The final episode of Spotify: A Product Story, the podcast miniseries hosted by Spotify’s Chief R&D Officer, dropped last week.
I really enjoyed this series because it goes into more technical depth than I expected. R&D leader Gustav Söderström does a great job of pinpointing and explaining the lessons learned from each of Spotify’s monuments product challenges. There should be something useful in there for every engineering leader.
Amongst the interesting technical stories covered are:
- How Spotify gradually worked machine learning into more and more of their stack, ensured they were solving real business problems with it, and what their plans are for the future.
- How they switched from on-prem to the cloud over a number of years, how they chose their cloud vendor, and the hard choices they had to make along the way.
- Why Spotify chose to build Backstage, and how to think about build vs. buy decisions more generally.
I tackled two misconceptions about Backstage on the Roadie blog this week.
The main points are:
- Backstage is a reusable tool that can empower your engineers, rather than locking them in to a bespoke solution.

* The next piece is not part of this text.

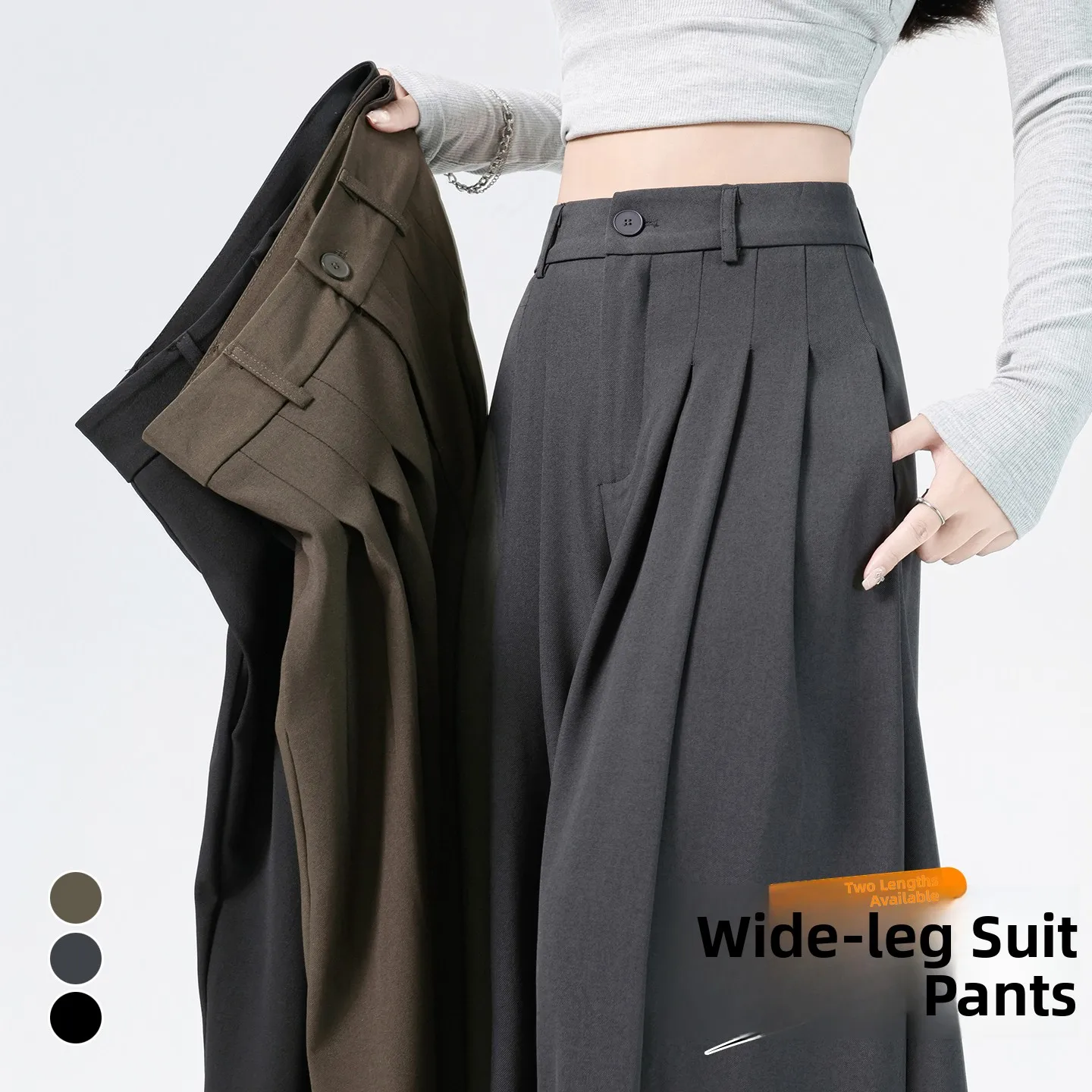 Black High Waist Draped Pleated Wide Leg Suit Pants Women's Autumn New Style Long Pants Cover Hip Floor Length Korean Style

- Backstage doesn’t naturally block your engineers from reaching for direct API or UI access when required.
Will Larson, ex-Stripe and currently CTO at Calm, explains that engineering teams typically exist on a continuum of 4 states. For each state, Will then describes the solution required to move the team up the value chain to the next state.

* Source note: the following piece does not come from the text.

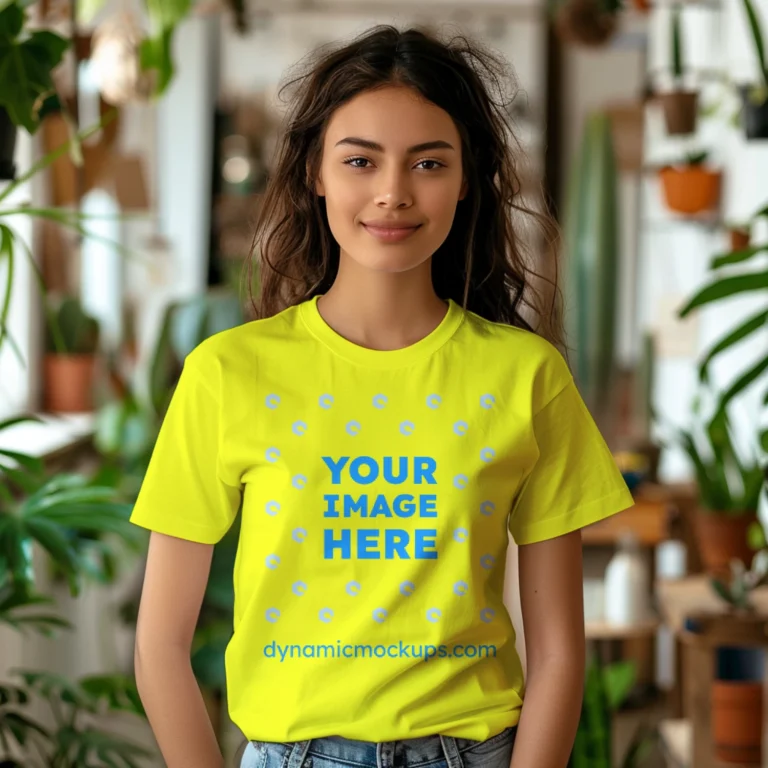 Woman Wearing Yellow T-shirt Mockup Front View Template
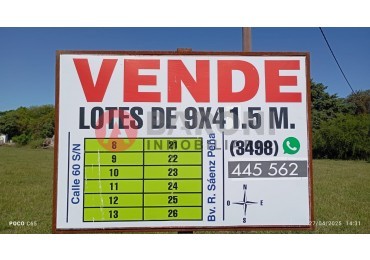 VENDEMOS 12 LOTES EN BARRIO PEDRAZZOLI EN SAN JUSTO SANTA FE- MEDIDAS 9 MTS. DE FRENTE X 41.50 DE FONDO.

There’s also a section which explains how to think about doing this across multiple teams in an organization at the same time.
The Cloud Foundry R&D team at Pivotal paired on code, all day every day, for years at a time.

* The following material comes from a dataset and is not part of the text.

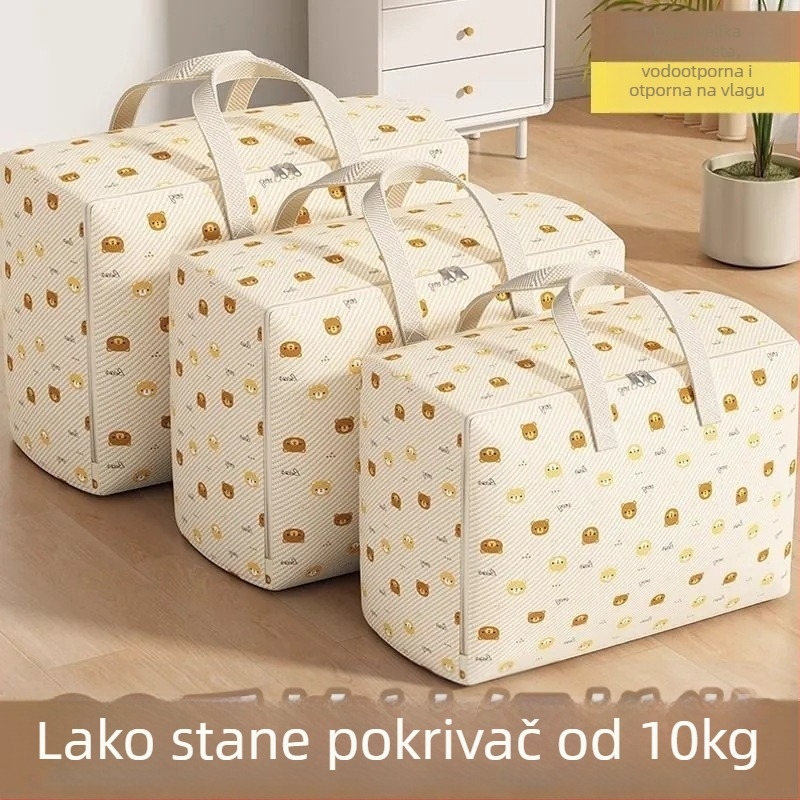 Torba za skladištenje deke, velika kapaciteta, vodootporna, od netkanog materijala, višenamjenska za putovanja i spavaću sobu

Nat Bennett shares their opinion on the burnout and organisational failure this experiment caused.
It was a 3 day week in Sweden so only 32 pull requests were merged. We still got some goodies though.
Spotify engineer Marcus Eide dropped this neat little shortcuts plugin in #5392. It lets you quickly add a shortcut to the Backstage sidebar.
The shortcuts are stored in your browser localstorage and are personal to you.
This new plugin can help take some of the tedium out of publishing releases on GitHub by automatically cutting branches, tagging and releasing and promoting code, with help from the user.
There are screenshots in the pull request #5299 and the credit belongs to Spotify engineer Erik Engervall.